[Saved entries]
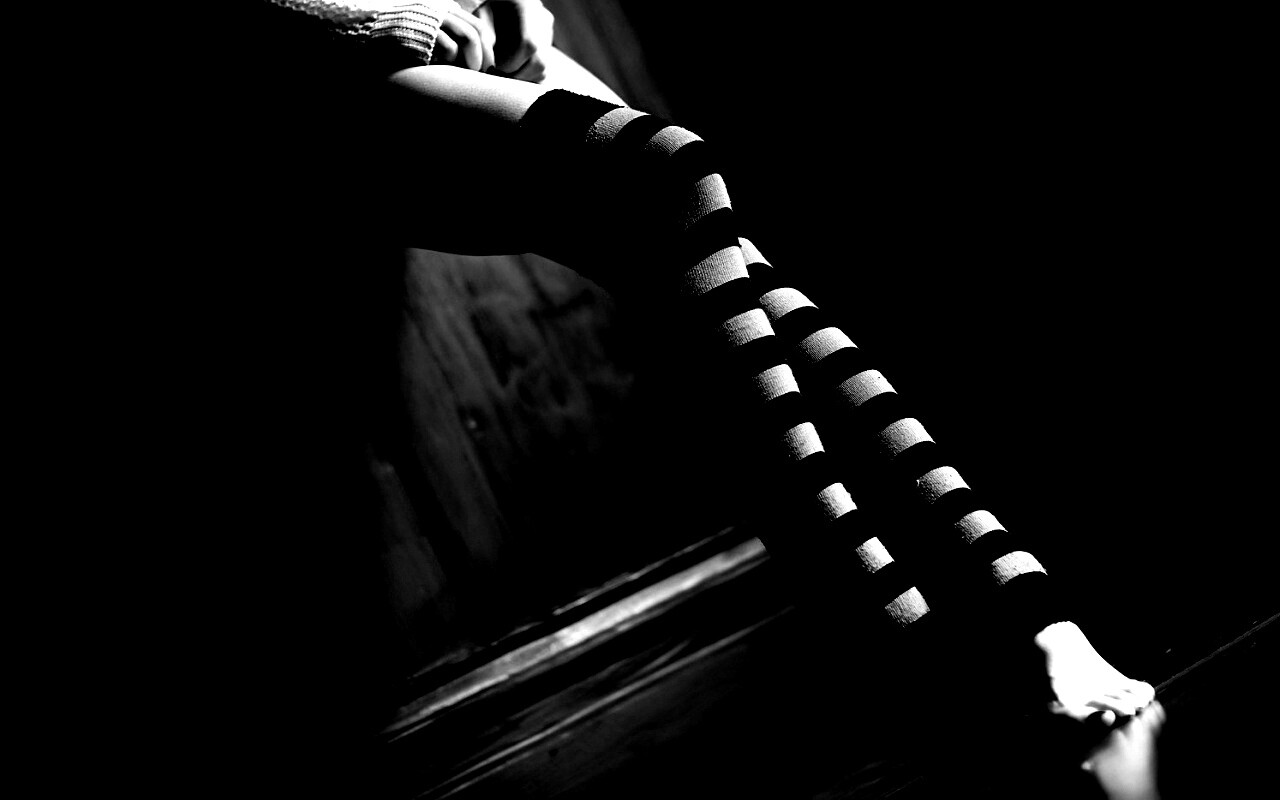 Ножки в полосатых чулках обои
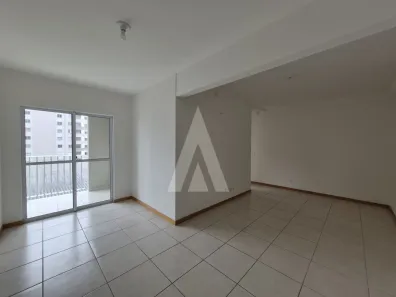 Apartamento com 2 Quartos para alugar, 65m² no Santo Antônio, Joinville
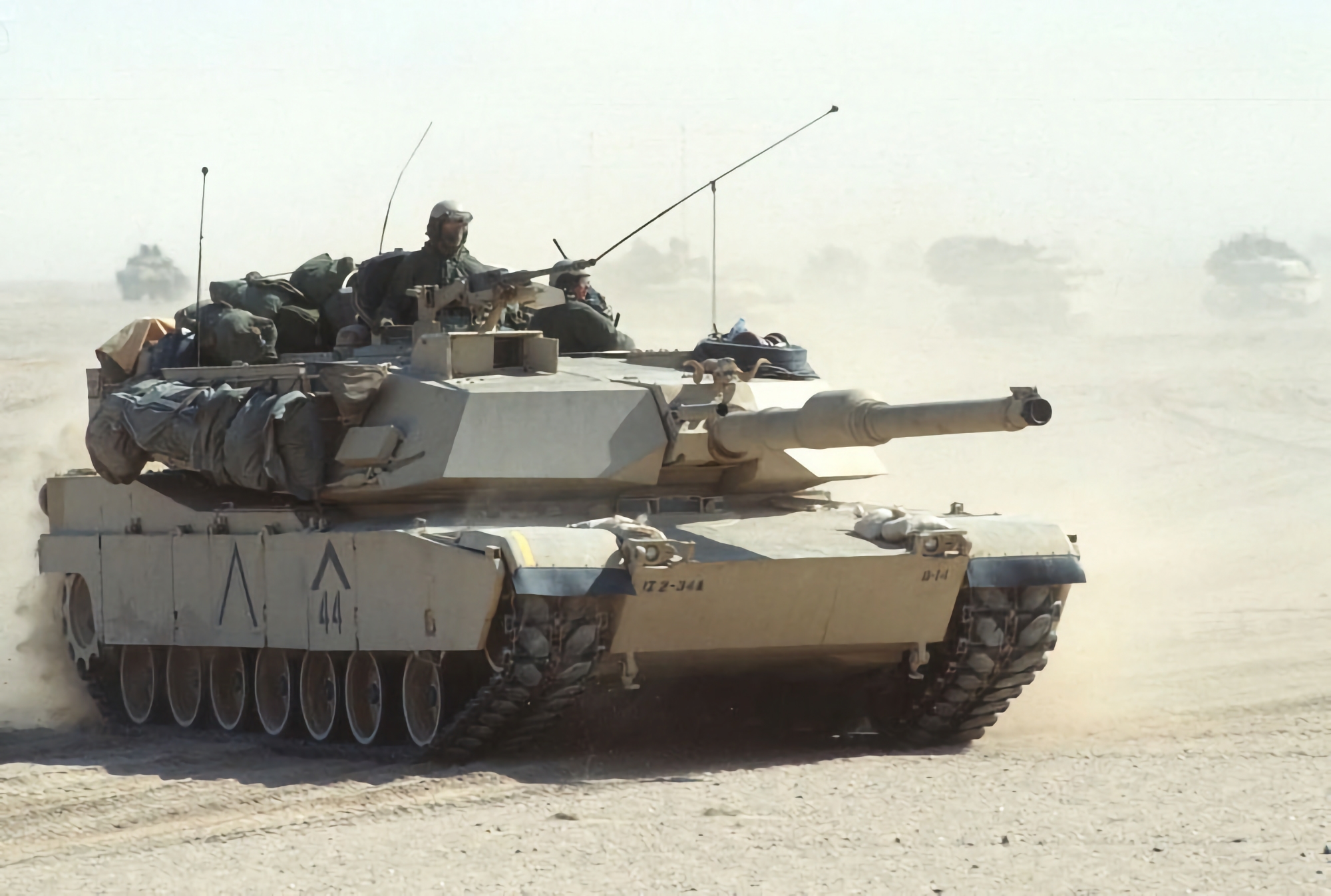 Офіційно: США передадуть ЗСУ танки M1A1 Abrams, вони приїдуть в Україну до осені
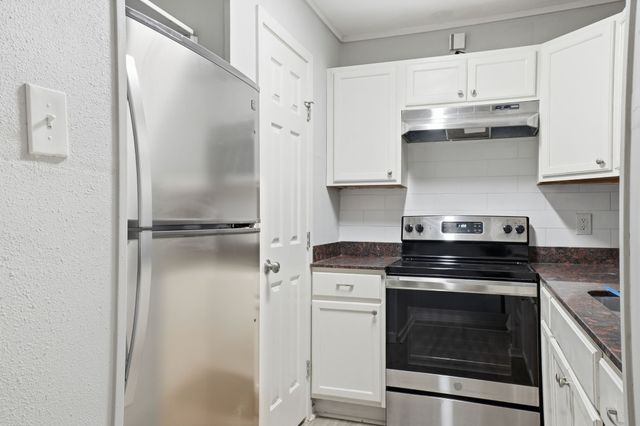 233 Creek Cove Drive, Dallas, TX 75217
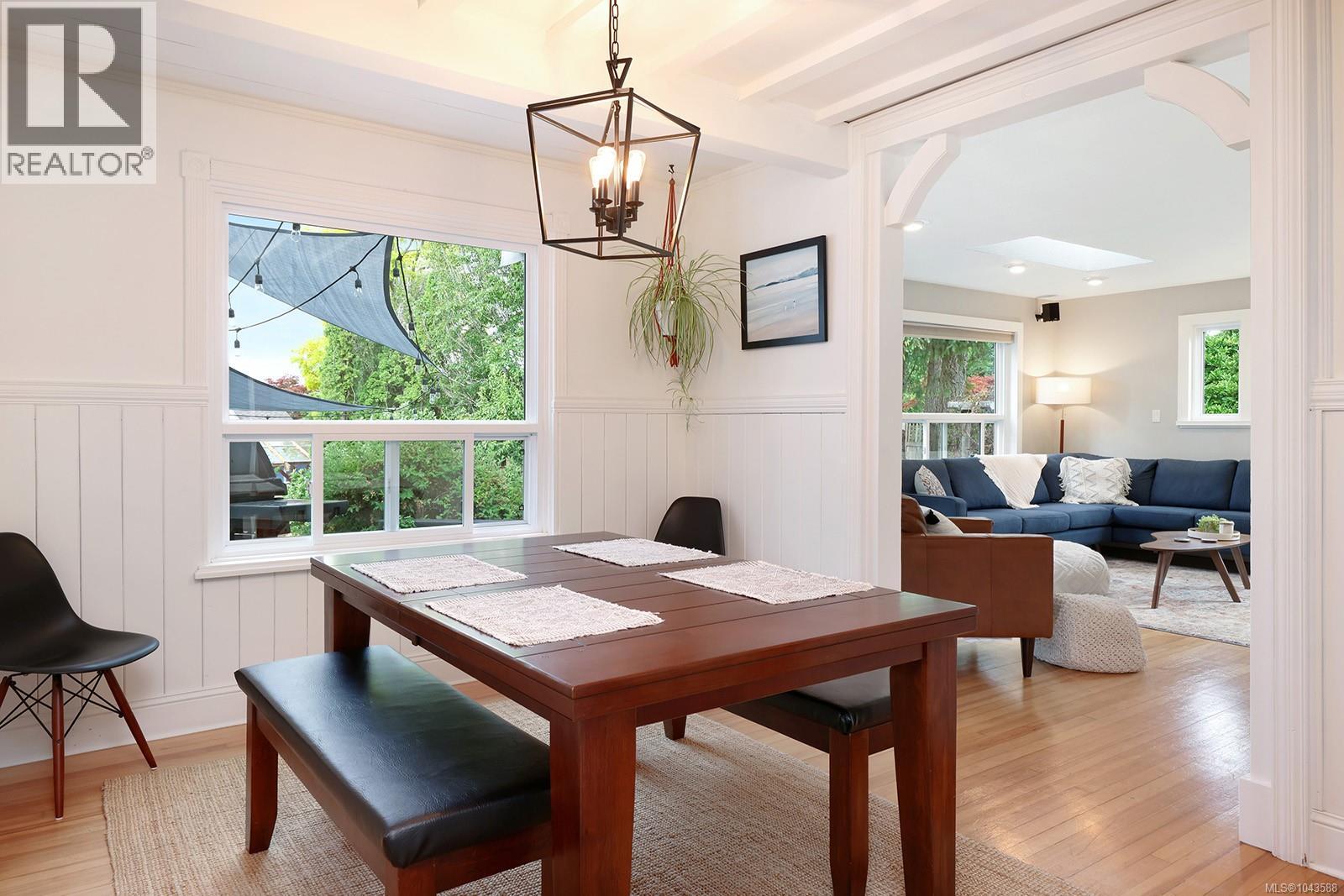 1911 Comox Ave - 22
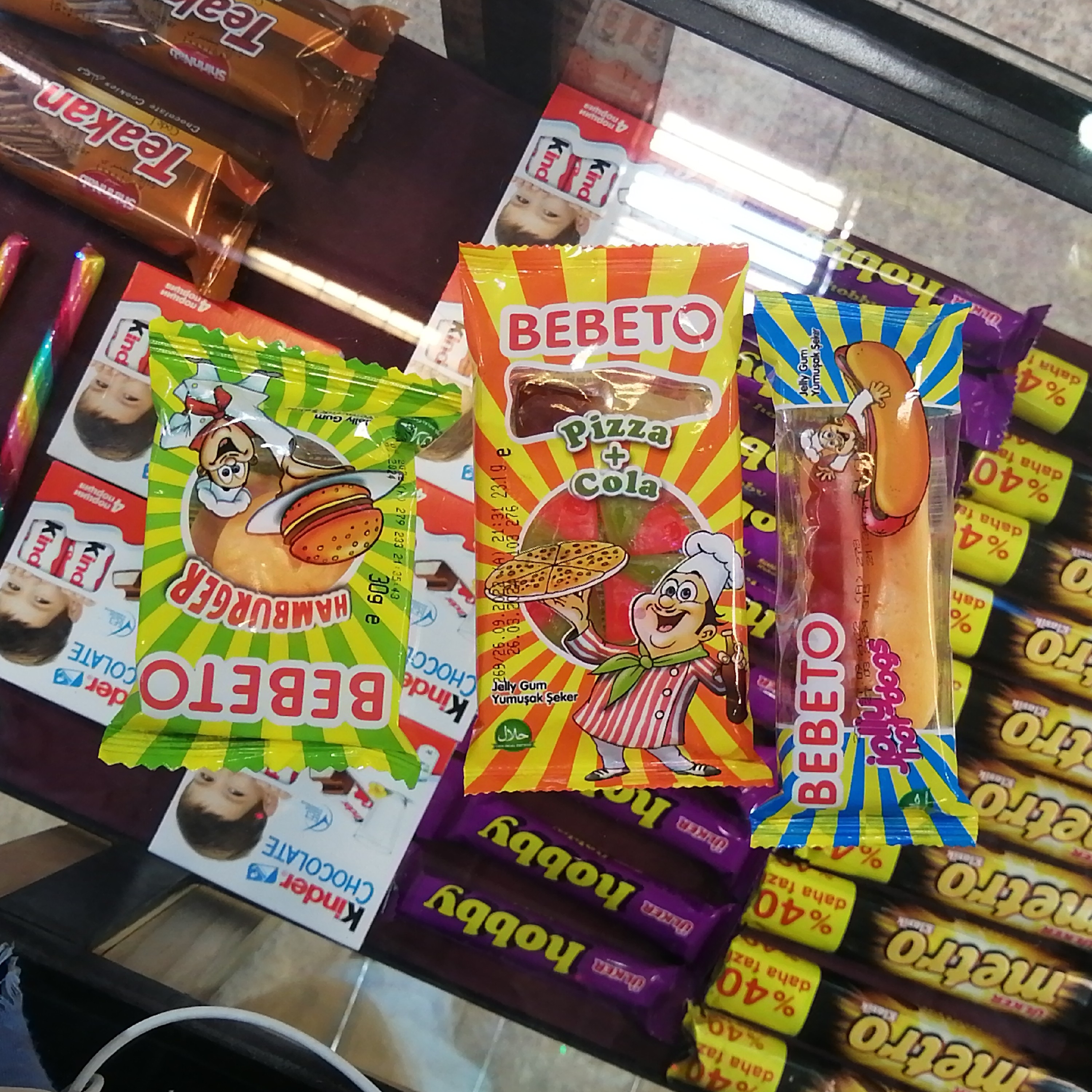 انواع پاستیل های فست فود ببتوBEBETO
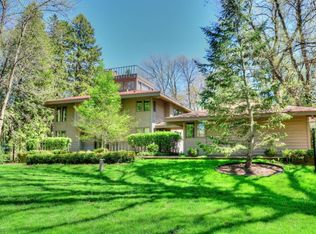606 E Juniper Ct, Mequon, WI 53092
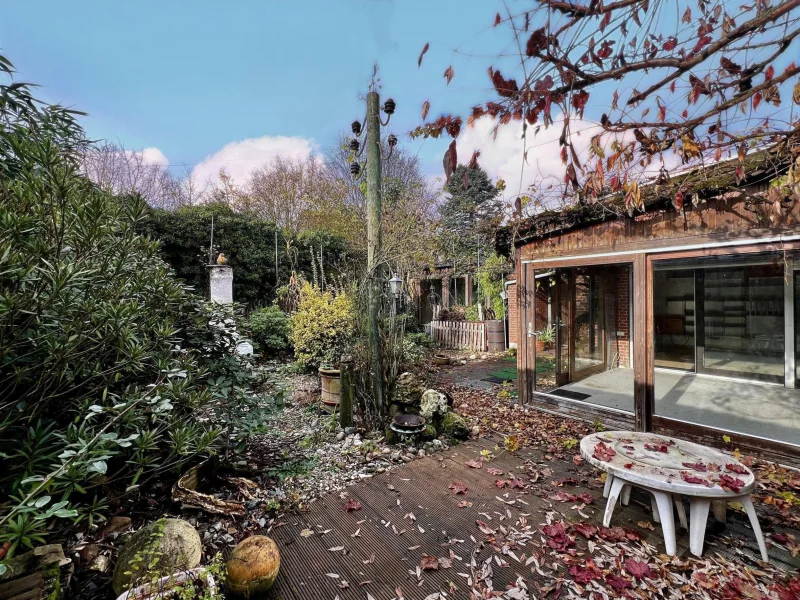 seitliche Terrasse und Blick in den Garten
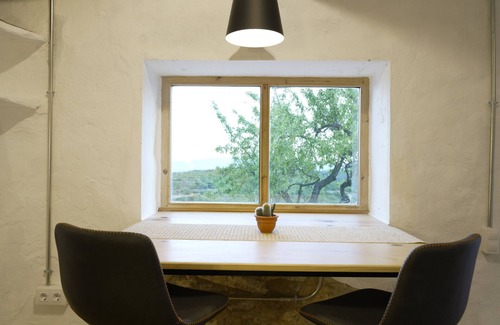 La Serra d'En Galceran Casa | Country House 'Sanco' with Mountain View, Private Terrace and Wi-Fi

# What to produce
Copy the entries exactly. No pictures.

# Response to this exercise
 Ножки в полосатых чулках обои
 Apartamento com 2 Quartos para alugar, 65m² no Santo Antônio, Joinville
 Офіційно: США передадуть ЗСУ танки M1A1 Abrams, вони приїдуть в Україну до осені
 233 Creek Cove Drive, Dallas, TX 75217
 1911 Comox Ave - 22
 انواع پاستیل های فست فود ببتوBEBETO
606 E Juniper Ct, Mequon, WI 53092
 seitliche Terrasse und Blick in den Garten
 La Serra d'En Galceran Casa | Country House 'Sanco' with Mountain View, Private Terrace and Wi-Fi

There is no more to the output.